§ **Work order**: Once you reach the line with "Location in Călărași County" below, copy each line exactly, stopping after the line with "Elegant_Birds_&_Cage_Metal_Wall_Art", and skip any pictures.

§ **The input**:

-=-=-=-=-

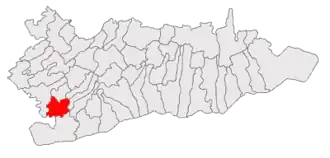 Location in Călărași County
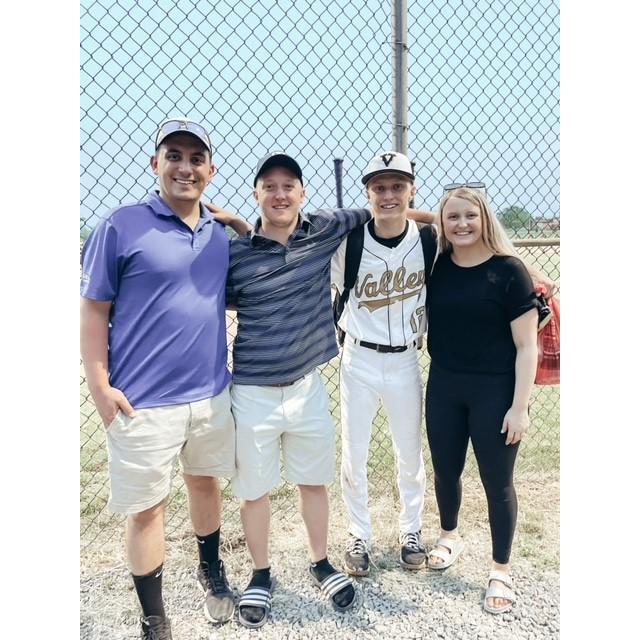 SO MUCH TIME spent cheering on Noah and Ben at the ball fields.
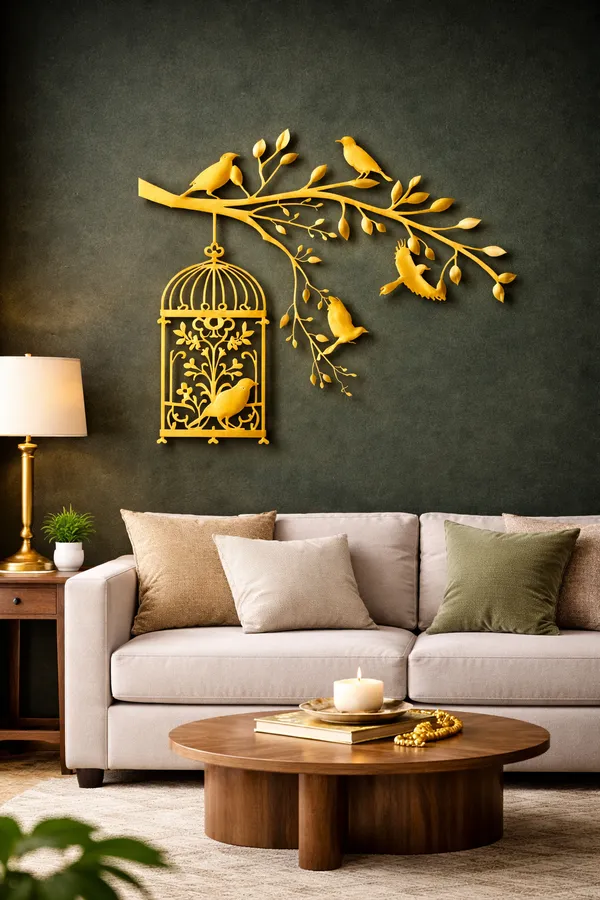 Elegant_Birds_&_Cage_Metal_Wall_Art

-=-=-=-=-

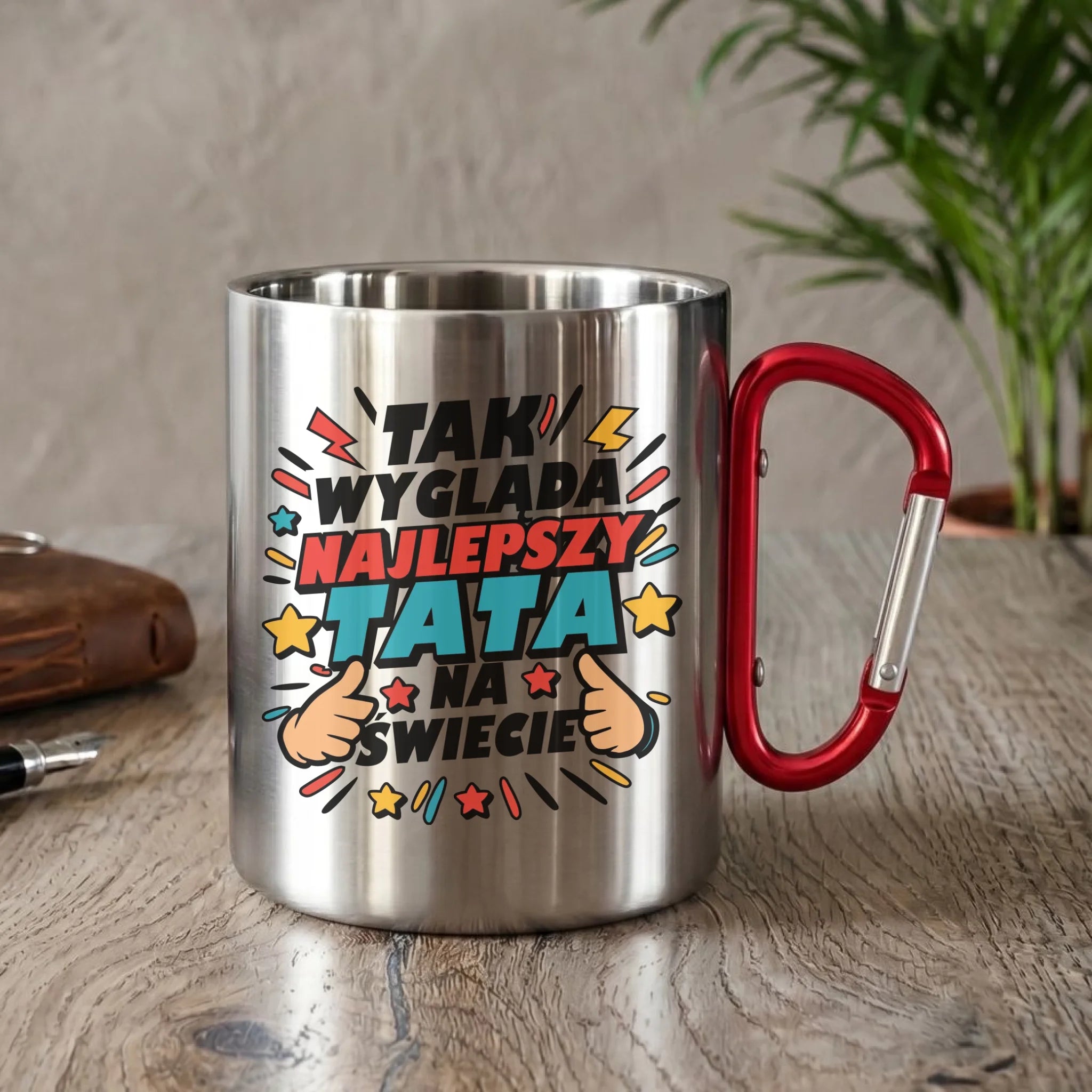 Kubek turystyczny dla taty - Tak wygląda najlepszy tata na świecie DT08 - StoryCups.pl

-=-=-=-=-

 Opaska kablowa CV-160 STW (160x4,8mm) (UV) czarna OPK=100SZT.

-=-=-=-=-

§ **Response area**:
 Location in Călărași County
 SO MUCH TIME spent cheering on Noah and Ben at the ball fields.
 Elegant_Birds_&_Cage_Metal_Wall_Art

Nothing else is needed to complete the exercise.